При всем к нему уважении, Тони Старк не заслуживает ее. Не заслуживает Пеппер Поттс.
Она всегда в его тени, осознанно или же по привычке, но она всегда там, позади, на задворках. Наташе хочется взять ее крепко за руку, выдернуть из этой тени, забрать с собой куда-нибудь, где ей больше ничего не будет угрожать, но она не делает этого, и не только потому, что прекрасно понимает, что так подставит Пеппер под еще более сильный удар.
Но еще и потому, что знает: Пеппер не пойдет с ней. Пеппер останется. С ним останется.
От этого знания хочется перевернуть весь Щ.И.Т. вверх дном, но Наташа только проглатывает жгучую обиду и приказывает себе не думать о том, как ее пальцы могли бы легко коснуться плеча Пеппер. Ей не привыкать — подавлять, отвергать, сдерживаться. То, что ничегошеньки не получается — это уже совсем другое дело.
Пеппер всегда где-то рядом с Тони: когда ему плохо, больно, страшно, — Наташе никто никогда об этом не говорил, она просто знает, что это так — но есть ли кто-то, кто рядом с ней самой, когда больно ей? Когда страшно уже ей — за себя и за своего нерадивого героя? Когда она видит взрывы и клубы дыма вдали сквозь оконное стекло, готовая умереть от тревоги? Есть ли кто-то?
Романовой хочется быть этой «кто-то», но они слишком далеко друг от друга, у них слишком разные заботы и попросту судьбы, и Наташа месяцами живет одними только редкими-редкими, случайными, по сути, взглядами мельком и воспоминаниями.

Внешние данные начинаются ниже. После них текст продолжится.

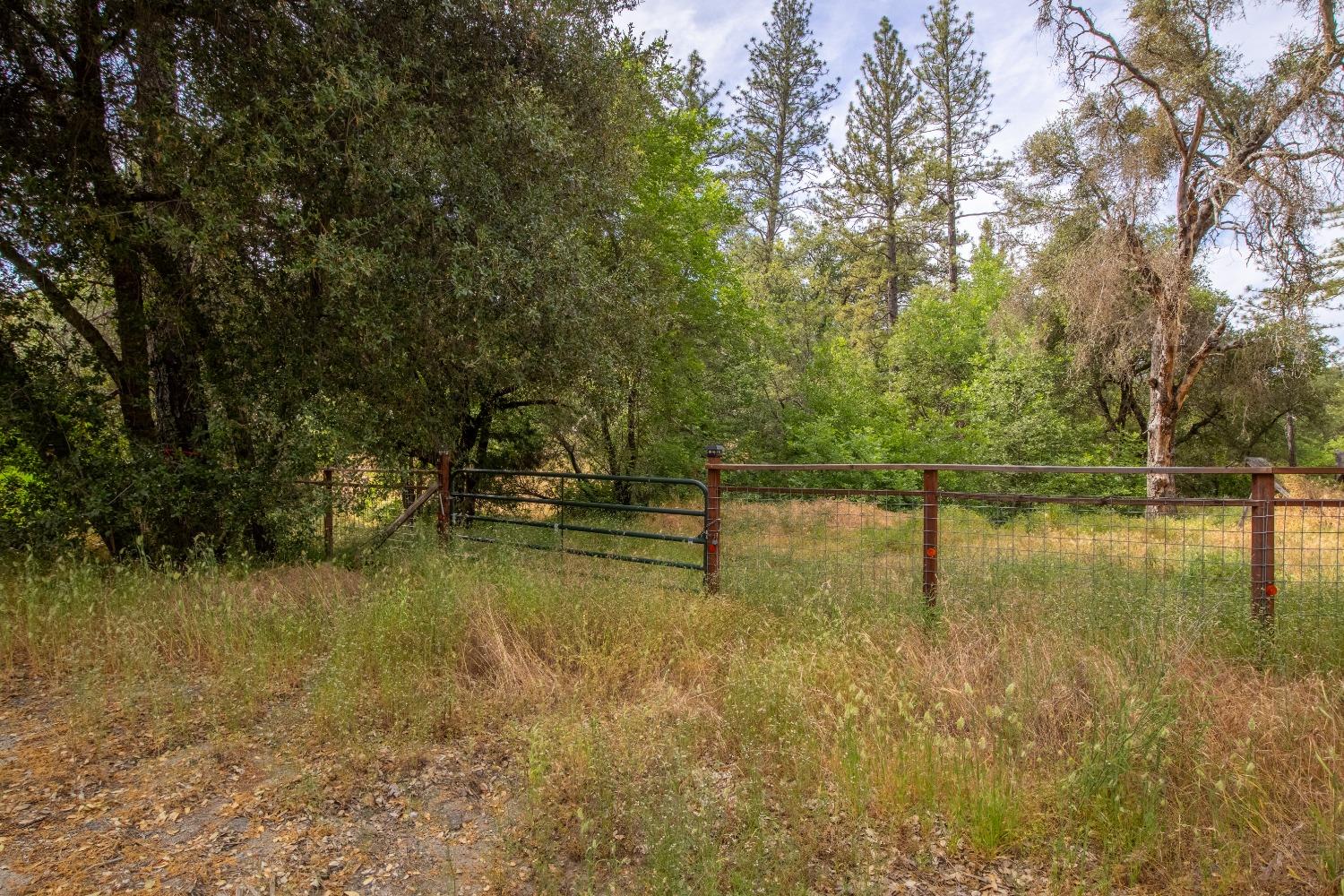 Perry Creek Rd, Somerset, California image 7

«Кем-то» Наташа становится для Вирджинии лишь однажды, когда та недвижно наблюдает за звездным небом, ведь где-то там, в самом космосе, дрейфует не факт, что живой Старк. Она похожа на жертву Медузы Горгоны: бледная, напуганная, потерянная. Наташе страшно видеть ее такой разбитой, сломанной и непомерно уставшей, а у нее самой, переживающей не меньше, совсем не осталось слов утешения, в которые, к тому же, Пеппер навряд ли поверит, и ей не остается ничего, кроме как осторожно тронуть, а потом оплести пальцами ее слегка подрагивающую руку. У Пеппер нет ни сил, ни желания удивляться или возражать, она стискивает Наташину ладонь почти до боли, прижимается лбом к ее лбу и вздыхает, и от наполняющих этот вздох отчаяния и горечи у Романовой замирает сердце.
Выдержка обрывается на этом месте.